Why Do Teachers Quit?

Author:
Posted: July 25, 2008
Category: Classroom Management




This article is contributed by Heather Johnson, who regularly writes on California teacher certification. She invites your questions and writing job opportunities at her personal email address: heatherjohnson2323 at gmail dot com.

Teaching children is arguably the most taxing job in the world — it demands a great deal of patience and tolerance all through the day, every day of school. A good teacher takes the extra effort needed to ensure that the children understand what’s taught, not just in the way of lessons but in the way of life too. Sometimes a teacher’s patience is put to the test in the form of difficult students, those who will just not fall in line with the rest of the class. And at others, the whole class acts up and there’s chaos all round. At times like this, it’s no use shouting and tearing out your hair in an attempt to regain control of your unruly class. Instead, keep your wits about you and try to restore order in a systematic way. The following tips should help in such situations:

  • Very often, you’ll find that the confusion and noise are the result of the handiwork of just a few miscreants who are bent on causing trouble. If you can ferret them out and segregate them from the rest of the class, you’ll find that you have an easier time of controlling the class.
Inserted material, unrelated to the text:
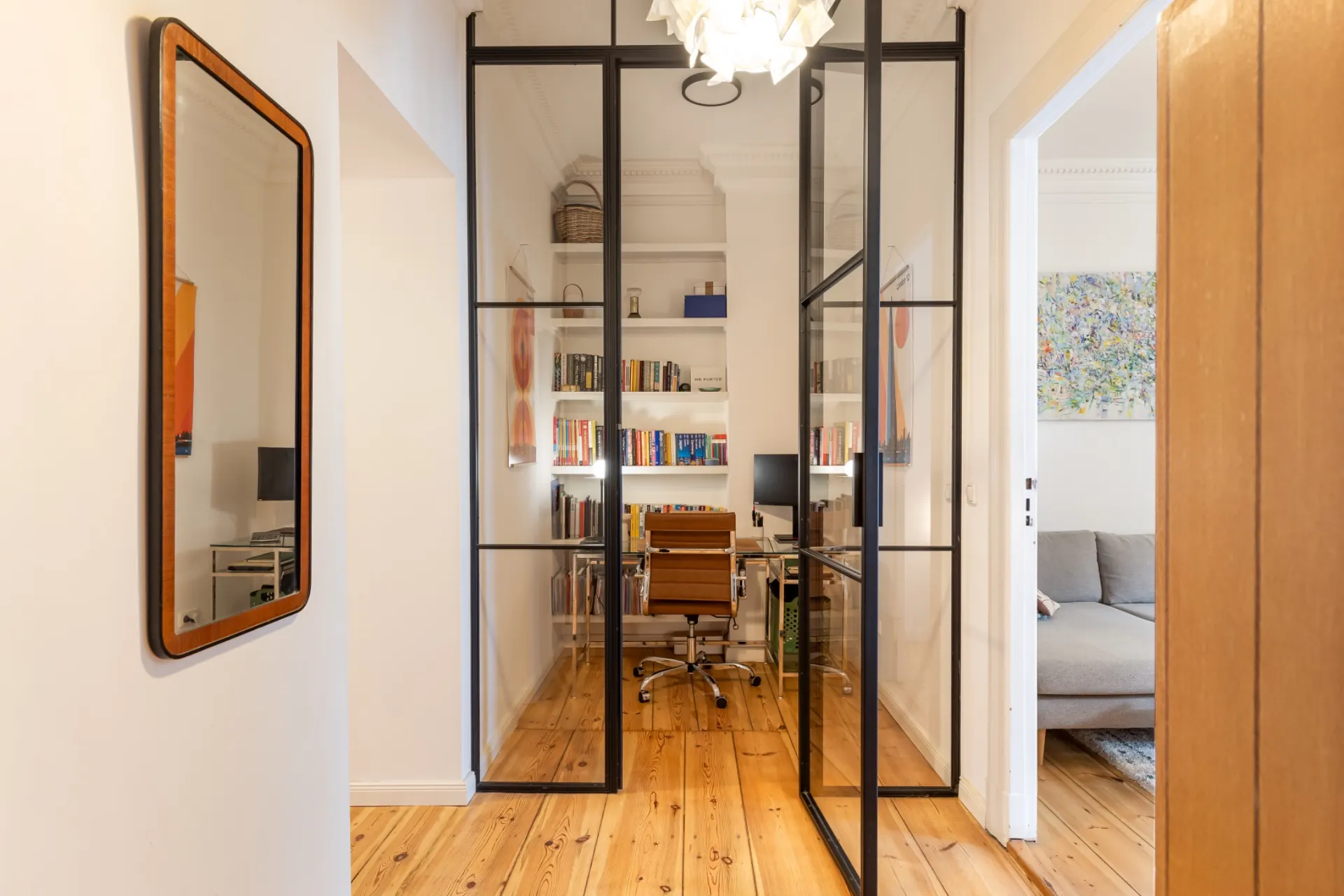 Flur mit Glastüren, dahinter ein Arbeitszimmer mit Bücherregalen, Schreibtisch und Stuhl.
  • The troublemakers are often just seeking attention with their attempts to disrupt the class and lessons. Instead of taking them to task in front of their classmates and embarrassing them, talk to them in private and try to understand why they play up in class.
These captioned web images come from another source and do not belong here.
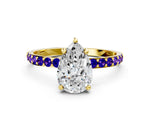 Yellow gold Pear Cut Diamond Solitaire Ring with Round Tanzanite Pavé Band and Prong Setting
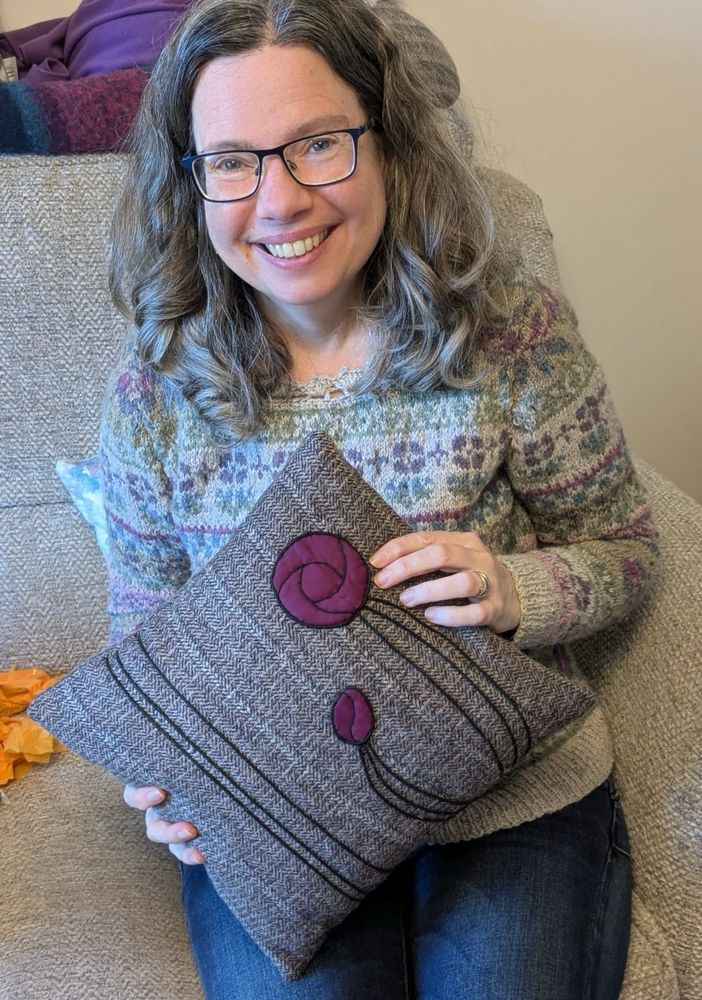 A white woman with a big smile and long curly hair is sitting on a sofa holding a cushion in tones of purple. The main fabric of the cushion is a heather coloured herringbone tweedy fabric. On this is an appliquéd design, in purple satin and black cord, inspired by Charles Rennie Macintosh’s Glasgow Rose stained glass piece. 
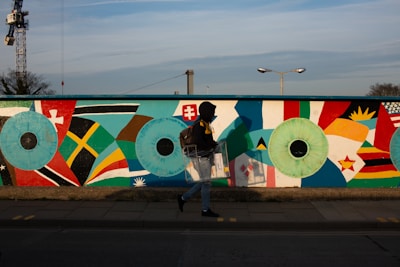 woman in black jacket and blue denim jeans holding white blue and red flag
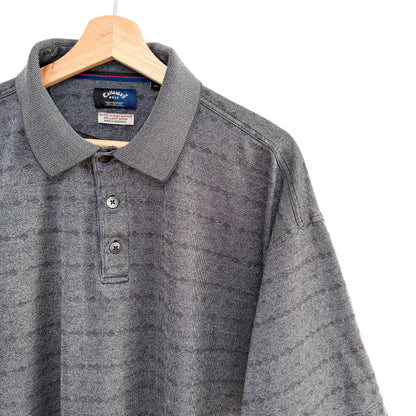 Gray polo shirt on a hanger with a white background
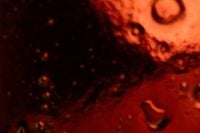 Kaboompics - Dark Red Water Droplets Glass Texture Background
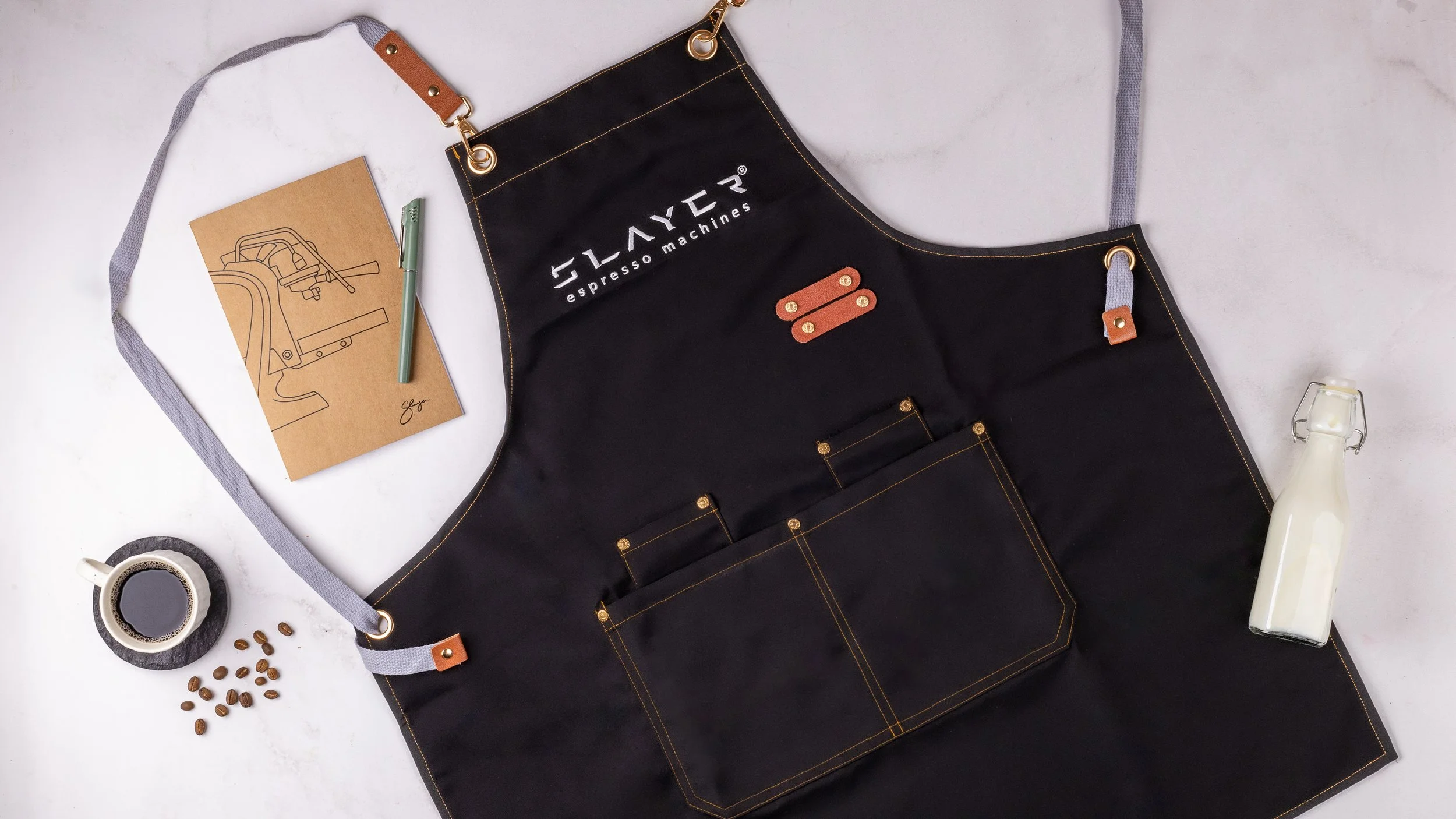 Slayer coffee merchandise for partners, notebook and apron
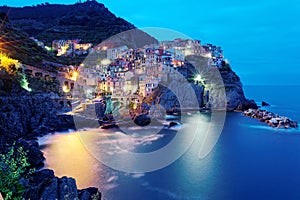 Night scenery of Manarola, an amazing village on vertical cliffs by the rocky coast in Cinque Terre National Park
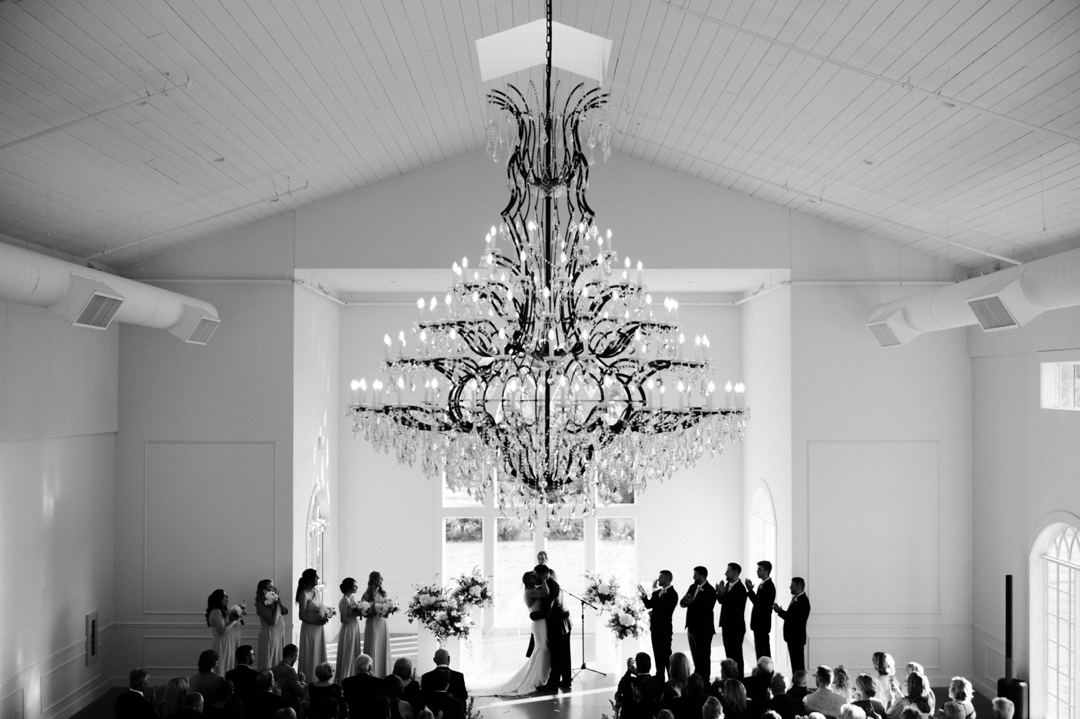 Elegant indoor ceremony at Westwind Hills with navy and champagne wedding colors.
  • Children who cry out for attention in negative ways are often neglected at home or are affected badly by other problems that add to their mental stress. They may feel inadequate because they are poor at lessons and have trouble keeping up with class work. Punishment only adds to their belligerence and does not do anything positive to help them overcome their shortcomings. Offer to help them out with lessons or homework till they’re able to catch up with the rest of the class.
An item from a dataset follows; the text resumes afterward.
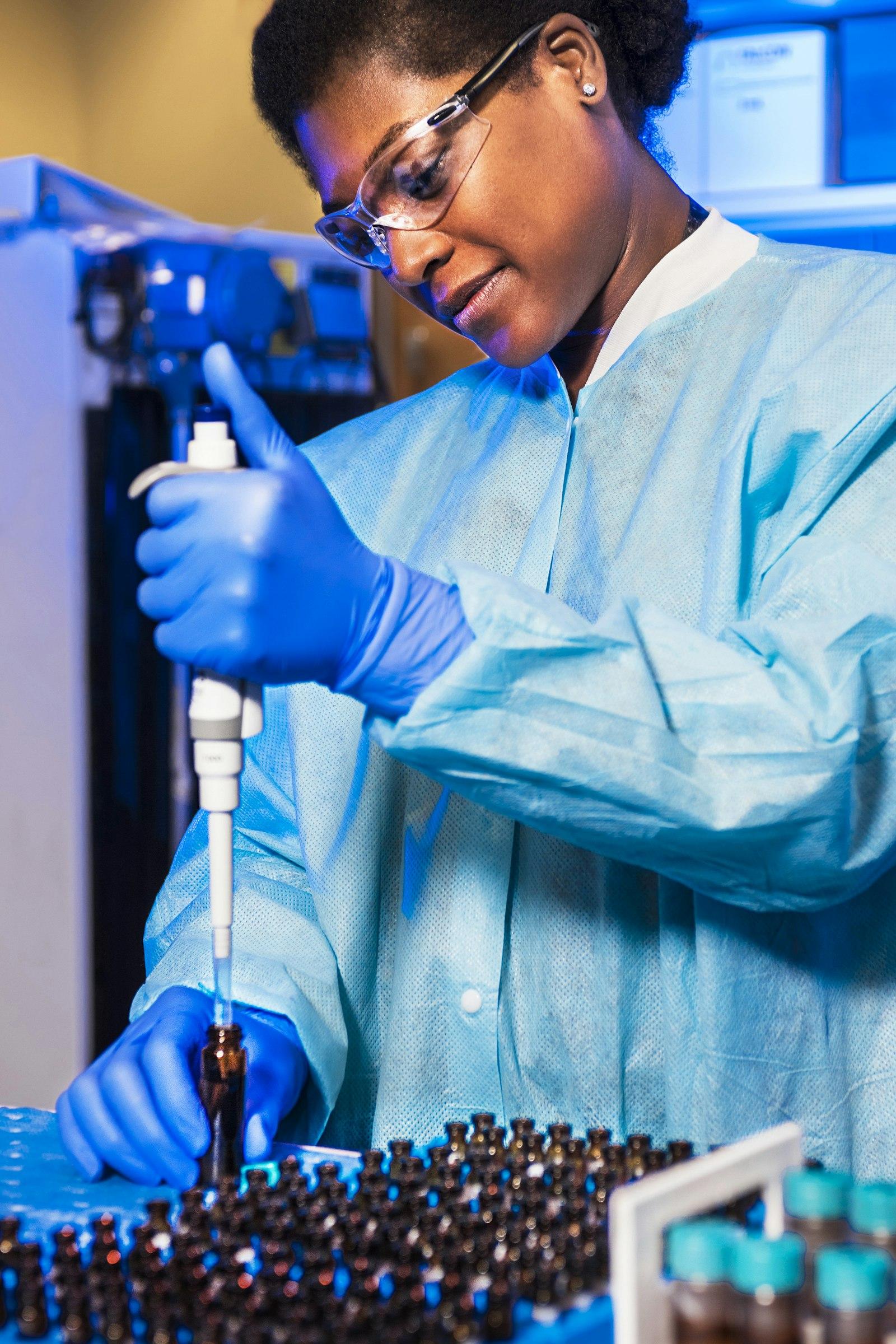 Lab technician pipetting into rows of sample vials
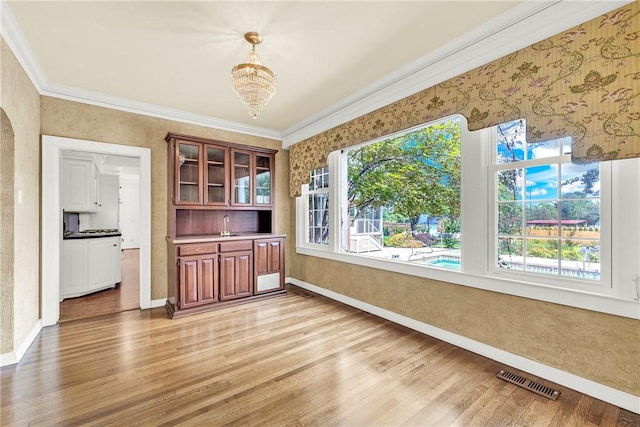 unfurnished dining area with baseboards, visible vents, light wood finished floors, and ornamental molding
  • Sometimes there’s a student who’s designated class clown without a formal coronation or ceremony. He/she feels the need to make the other kids laugh all the time, even at the cost of getting into trouble. The clown does not realize the seriousness of his/her activities and is breezy and even irreverent in the face of your reprimands. A serious talking-to helps in such cases. Make the student work on the positive aspects of having a great sense of humor.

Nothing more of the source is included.